- **WORK INSTRUCTIONS**:
Reproduce exactly the lines from the one that holds "6220 W 11th" through the last line of the entries, both ends included, but not the pictures.

- **RECORD EXTRACTS**:
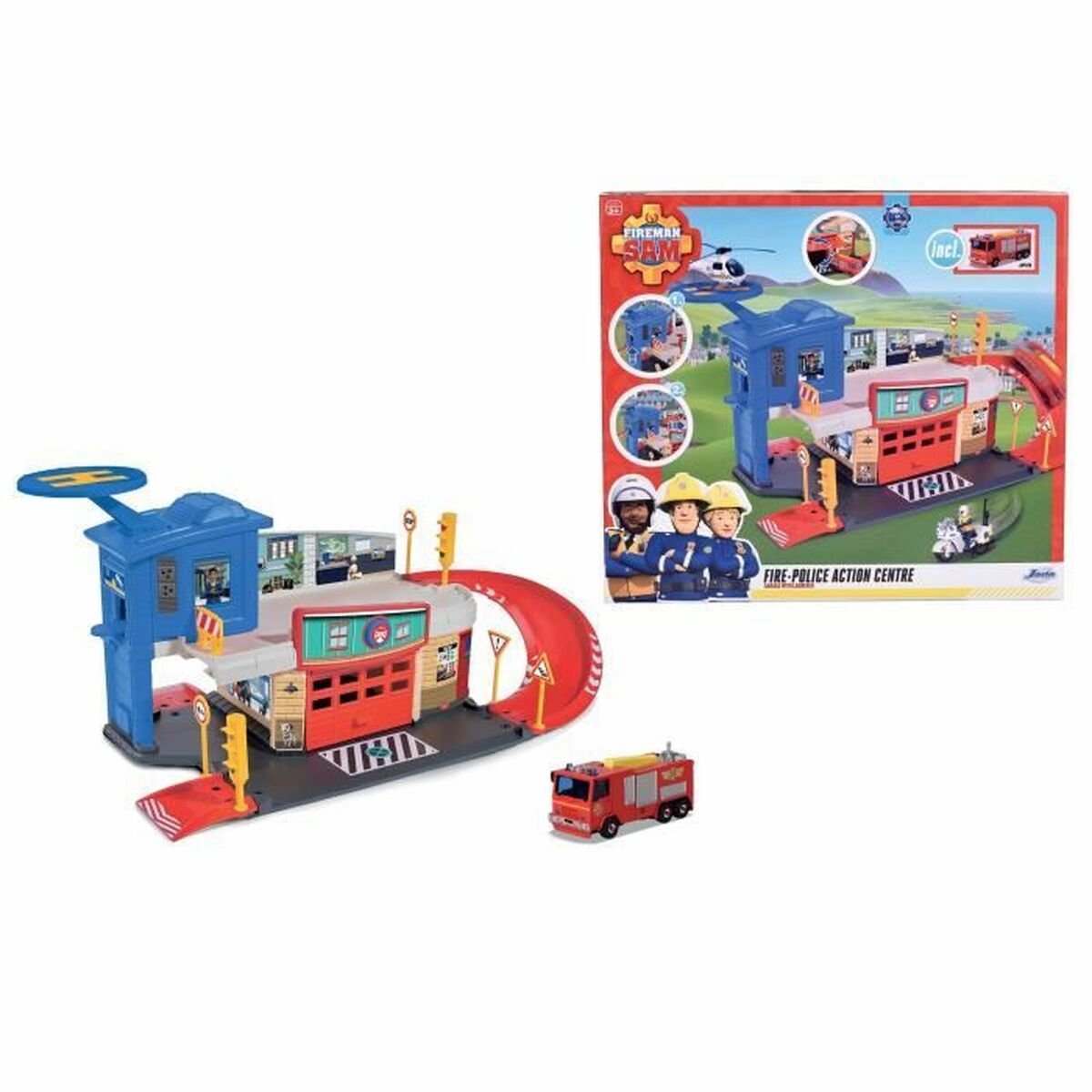 Playset Οχημάτων Dickie Toys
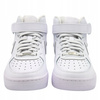 BUTY SPORTOWE DAMSKIE BIAŁE SNEAKERSY NIKE AIR FORCE 1 FN1193 111 r. 36,5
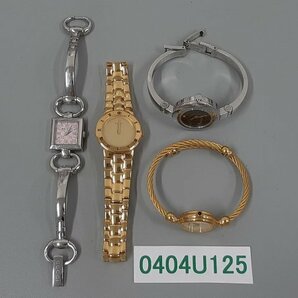 0404U125 時計 腕時計 ジャンク品 おまとめ グッチ GUCCIの画像1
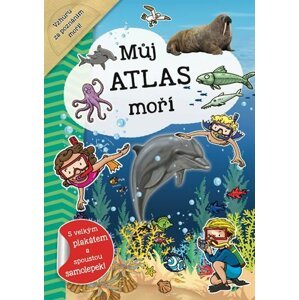 Můj atlas moří + plakát a samolepky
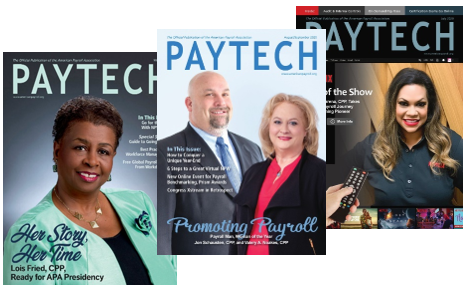 PAYTECH Magazine Covers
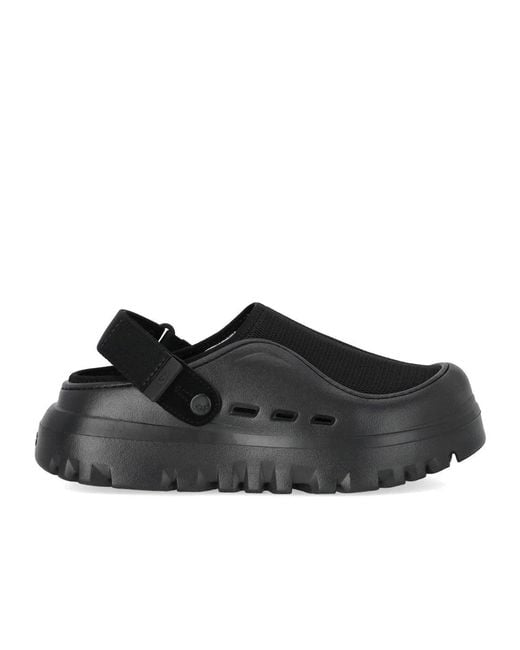 Ugg Black Peakmod Clog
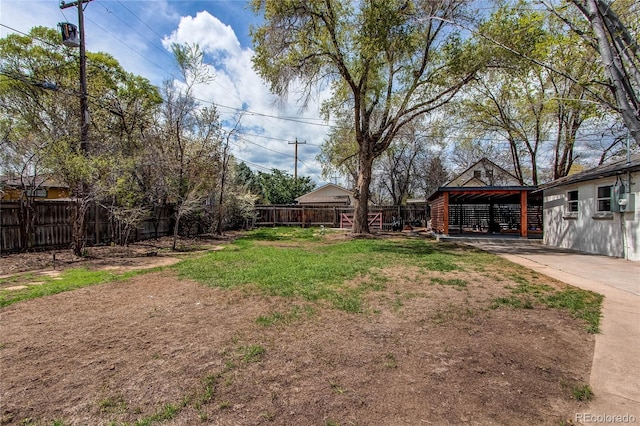 6220 W 11th Pl, Lakewood, CO 80214 - view of fenced backyard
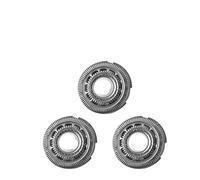 RGYJXDJYH Y21A 3 Pezzi Testina di Ricambio for Rasoio SH90, Compatibile con Philips, Rasoio S9000 S9011 S9021 S9031 S9041 Lama di Rasoio Testina di Taglio Coltello Rete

- **EXPECTED OUTPUT**:
 6220 W 11th Pl, Lakewood, CO 80214 - view of fenced backyard
 RGYJXDJYH Y21A 3 Pezzi Testina di Ricambio for Rasoio SH90, Compatibile con Philips, Rasoio S9000 S9011 S9021 S9031 S9041 Lama di Rasoio Testina di Taglio Coltello Rete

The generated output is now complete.